Abstract

Ventricular pacing may add additional risk for right ventricular (RV) dysfunction in patients with transposition of the great arteries (TGA) and atrial redirection. The aim of our study was to evaluate the effects of long-term nonsystemic ventricular pacing on cardiac function, dyssynchrony, and clinical performance in patients with systemic RV. Forty-six adults with TGA and atrial redirection, of whom 11 were permanently paced at the nonsystemic ventricle, underwent assessment of clinical status and exercise stress testing, as well as echocardiography to assess parameters of RV function and dyssynchrony.
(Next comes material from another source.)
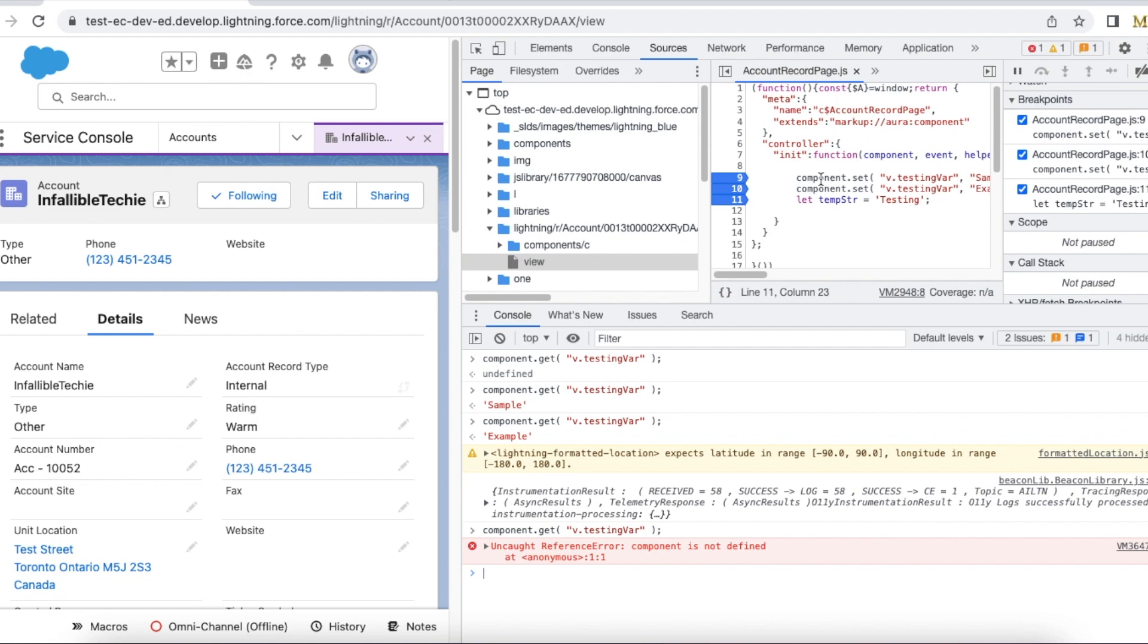Using this way we can avoid adding multiple console.log statements and we will be able to troubleshoot the Lightning Aura component JavaScript controller.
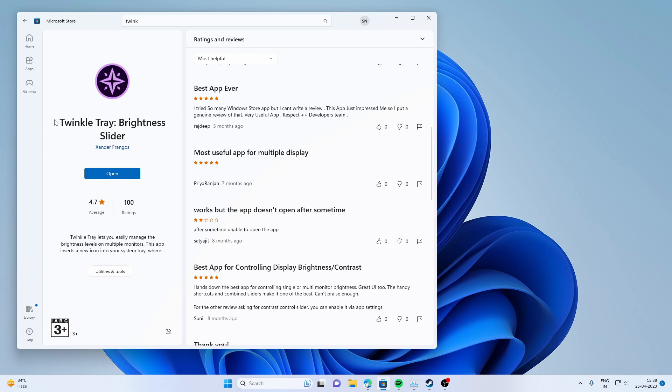Then you can see an application known as Twinkle Brightness Slider. You have to download it.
In paced patients, median NYHA functional class was II, which was significantly higher than in nonpaced patients (median class I; P = 0.002). Maximum performance and peak oxygen consumption on exercise testing were significantly lower in paced patients when compared with nonpaced patients (100 ± 30 vs 120 ± 32 W and 22 ± 6 vs 27 ± 7 mLO(2)/kg/min, respectively; P < 0.05 for both). On echocardiography, RV shortening fraction (27 ± 11 vs 33 ± 10%), RV ejection fraction (39 ± 7 vs 44 ± 10%) and RV dP/dt(max) (891 ± 470 vs 1,024 ± 318 mmHg/s) were significantly lower (P < 0.05 for all) in paced versus nonpaced patients. Inter- and intraventricular dyssynchrony was most pronounced in the paced group (99 ± 10 vs 25 ± 9 ms and 70 ± 29 vs 21 ± 15 ms, respectively; P < 0.001 for both). Long-term pacing of the nonsystemic ventricle in patients with atrial switch for TGA was associated with significantly impaired functional status, exercise capacity, and systemic ventricular function.